Take the immigration law for the moment. One day last week a dozen witnesses appeared before the Senate Subcommittee on Immigration and Refugee Policy under Alan K. Simpson (R) of Wyoming. Very little got into the papers about it. They disagreed, and their testimony had to compete with subjects like sale of AWACS and the budget. They discussed the complicated new 10-part Reagan immigration package.
It is hard to know whether to take it seriously; this is because of a seeming inconsistency: the immigration service is desperately undermanned. President Reagan named a blue-ribbon, 16-member commission on immigration control chaired by Rev. Theodore Hesburgh which brought in recommendations and a report. But the basic thing needed most to halt illegals, I think, is more money. The administration seems ready to trim funds for the service just as it is doing for many other services. It makes one wonder about the seriousness of the whole immigration drive.
An overcrowded sailboat capsized a mile off the Florida beach last month drowning 33 Haitians seeking illegal entry. It was a shocking sight, but more Haitians will come. Illegals come in all the time. A government witness before the Simpson committee said there were from 3.5 million to 6 million illegal aliens in the country already, and perhaps half a million more slip in every year. It must be said that this is a very modest estimate, others put the illegals here as high as 10 million or 12 million. Most of them are male and between 18 and 36.
In the past 14 years, testified Doris M. Meissner, acting immigration commissioner, apprehensions of deportable aliens by the Immigration and Naturalization Service (INS) have increased ''20-fold.'' Illegals apprehended have averaged in the past four years a million a year. Sixty percent are Mexicans. Efforts to enforce our national policies, she said simply, have ''failed.'' We must try to do better.
The debate in the first part of the Reagan program is on the proposal to legalize the status of a certain number of the illegal aliens. There are just too many, the administration argues, to send them all back. A big category would be given what the administration calls ''temporary residency status'' and others call ''amnesty.'' (To the administration, I might note, ''illegals'' are not illegals, they are ''undocumented aliens.'')
In a matter as complicated and overpowering as this it is possible for reasonable people to disagree. Trying to clean up the illegal alien mess one has to begin somewhere. That's what a majority of the Hesburgh committee in one way or another said.
Here is a witness who says ''yes'' to the amnesty plan; another who says ''yes but,'' and finally one who says ''no.''
Diego C. Asencio, assistant secretary for consular affairs, Department of State, favors the plan. Limited legal status would go to certain illegals who applied for it, who entered the US prior to Jan. 1, 1980, who resided here 10 years, and who in the meantime would be debarred from certain social programs. To deport the whole army of resident illegals in one great drive, he said, is possible in theory but not in fact. You can't throw 6 million to 10 million people out of the country at once.

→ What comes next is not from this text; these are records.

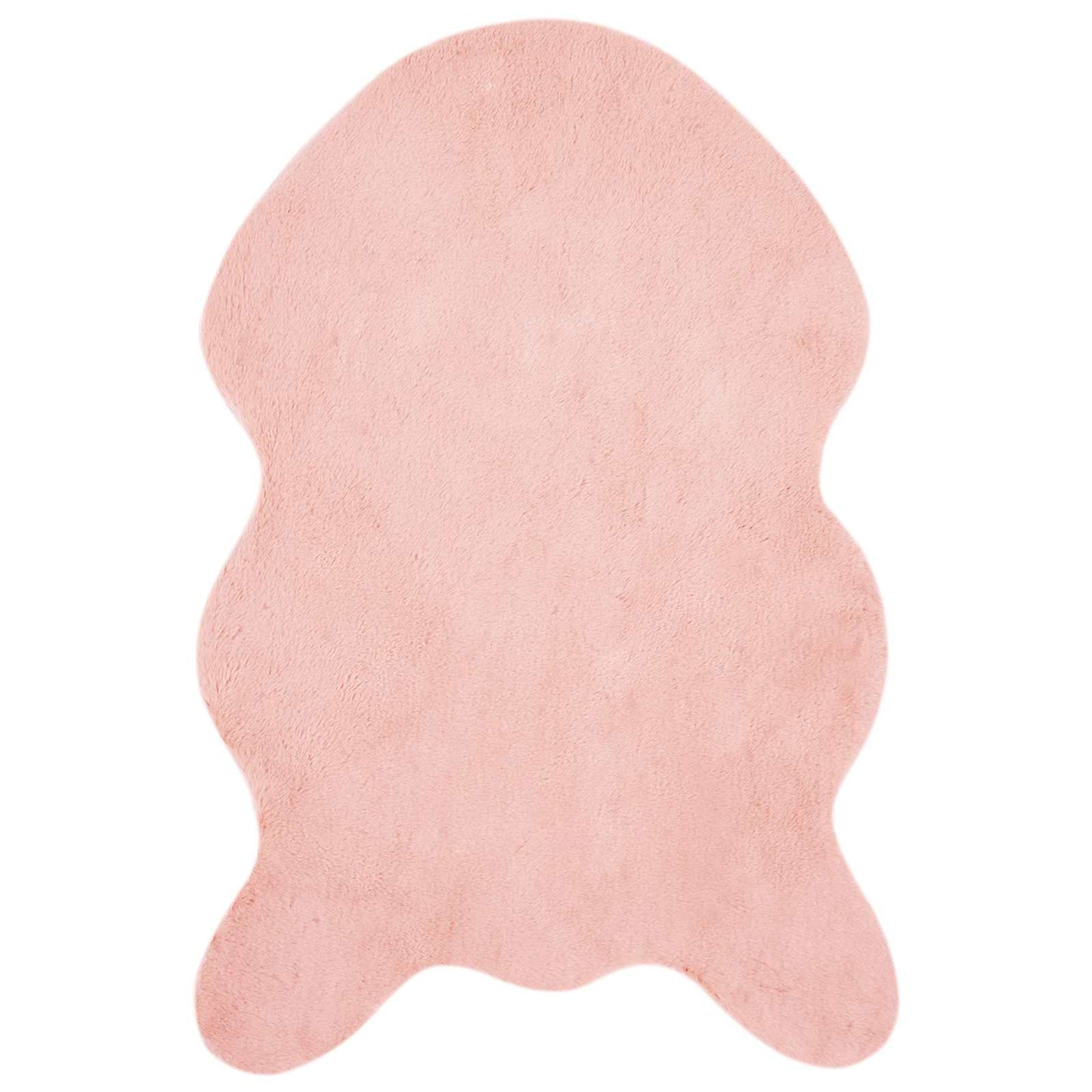 Antislip vloerkleed van imitatie konijnenbont OLITE Roze is nu te koop bij PeponiXL, paradijselijk wonen!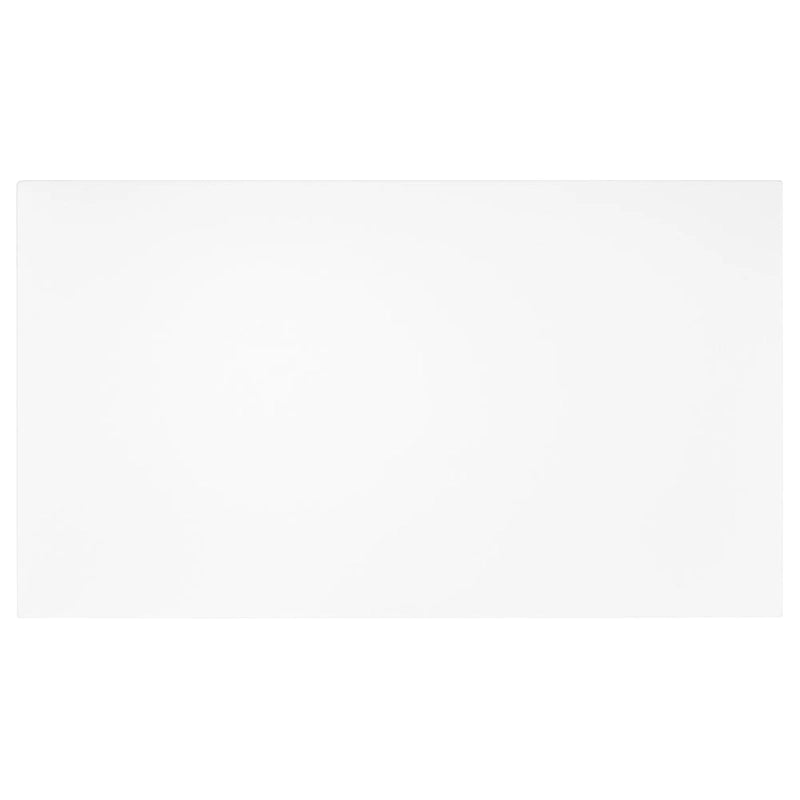 Bureau d'écriture moderne blanc avec piètement en métal doré pour bureau à domicile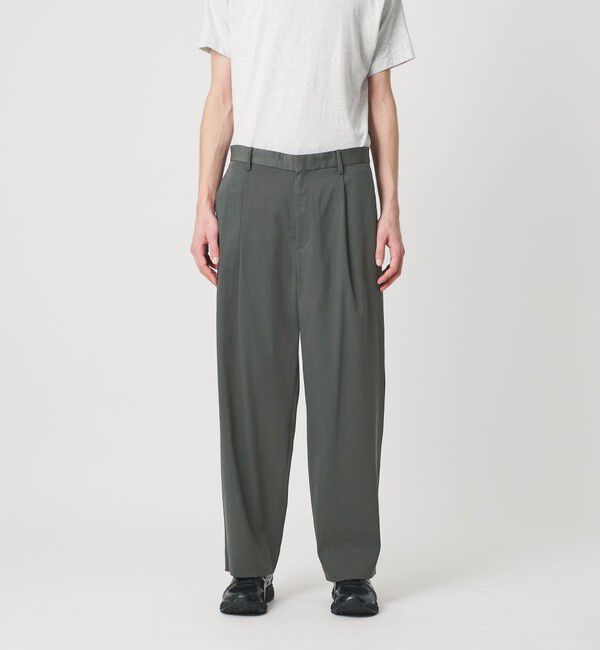 BEAUTY&YOUTH UNITED ARROWS「ヴィンテージライク ナイロン 1プリーツ ワイド パンツ NO.9」|チノ|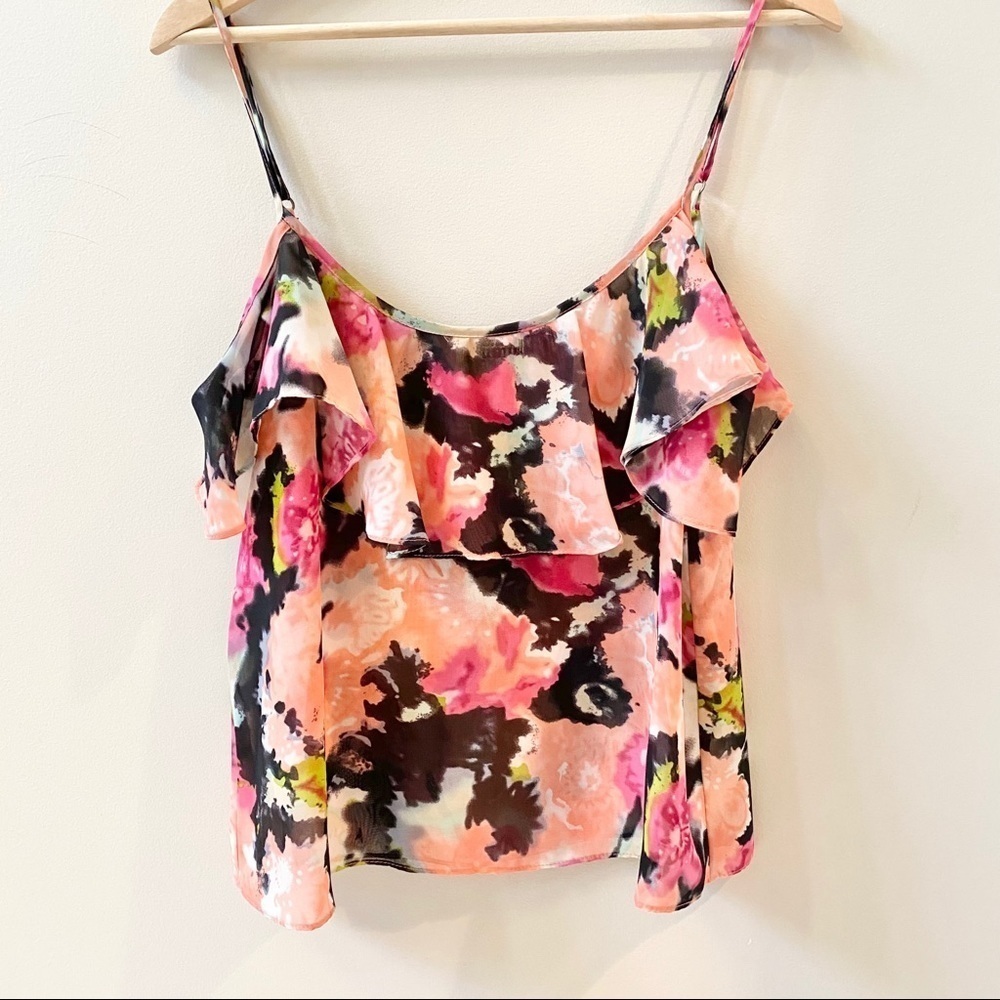 Show Me Your MuMu Off Shoulder Floral Top Large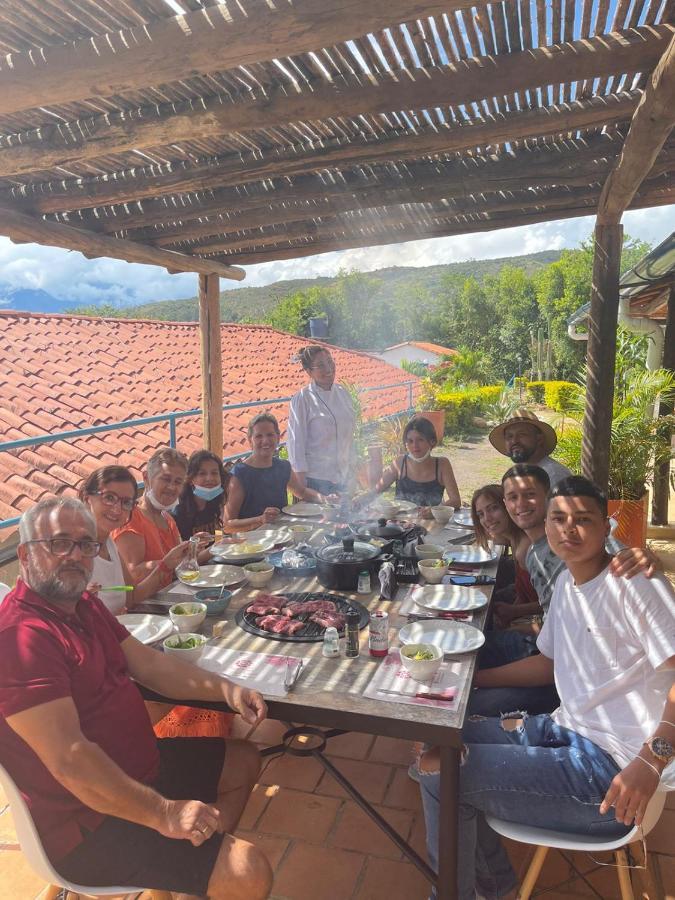 Hotel Santos De Piedra - Maranatha Barichara Εξωτερικό φωτογραφία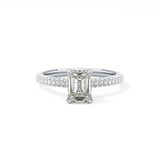 Emerald Hidden Halo & Pave Lab Grown Diamond Engagement Ring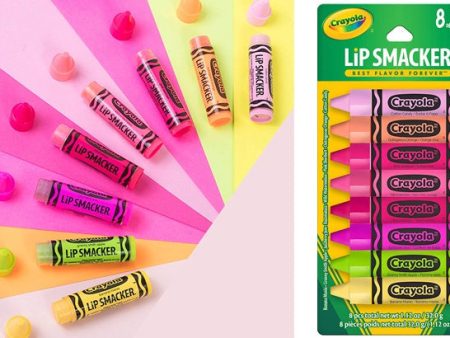 Lip Smacker Crayola Lip Balm Party Pack, 8 Count For Discount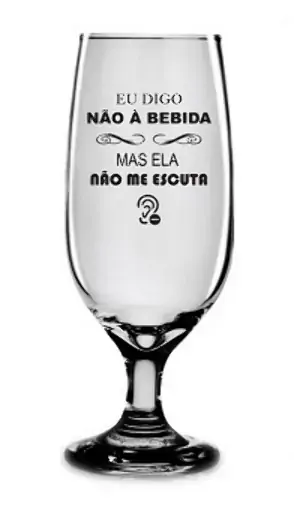 Taca Cerveja Friends Frases 300ml Casa Ambiente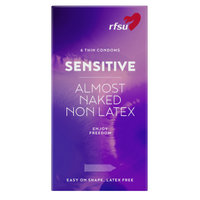 Sensitive lateksiton kondomi 6 kpl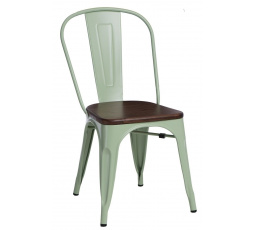 Paris Wood szék zöld fenyő dió
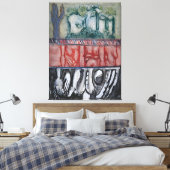 Mark Rothko-schilderij Canvas Afdruk (Insitu (Slaapkamer))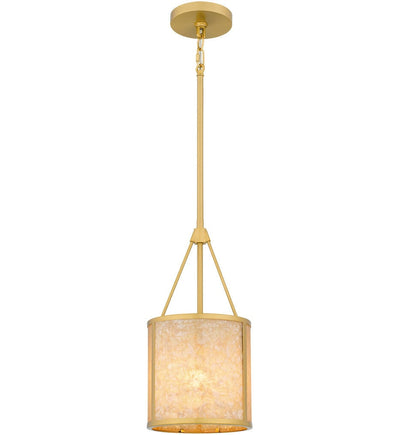 Quoizel - STO1508BRG - Stoneland 8" Mini-Pendant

Harvey Ruvin, commissioner of Dade County, Florida, speaking for the National Association of Counties, says ''yes but.'' Illegals are here because of failure of the federal government, he says; it's Washington's fault. If amnestied aliens are allowed to stay here but are cut off from certain types of federal family aid (food stamps, child aid are proposed) the burden will fall on counties and localities. That is unfair, he argues. Furthermore, is the federal government really going to prevent illegal entries in the future? He gives a very tentative ''yes but.''
The American Legion says ''no.'' Its spokesman, Paul S. Egan, called the plan ''unworkable, impractical, and unjustifiable.'' Who is going to do the paperwork on those amnestied illegals in the proposed 10 years they wait final clearance? he demands. They have broken the law, he says in effect, boot them out. They are taking jobs from unemployed citizens.
Those are some of the differences just at the beginning of trying to get new legislation. In the meantime the impoverished INS border patrol hardly gets gasoline enough to keep its scout cars running.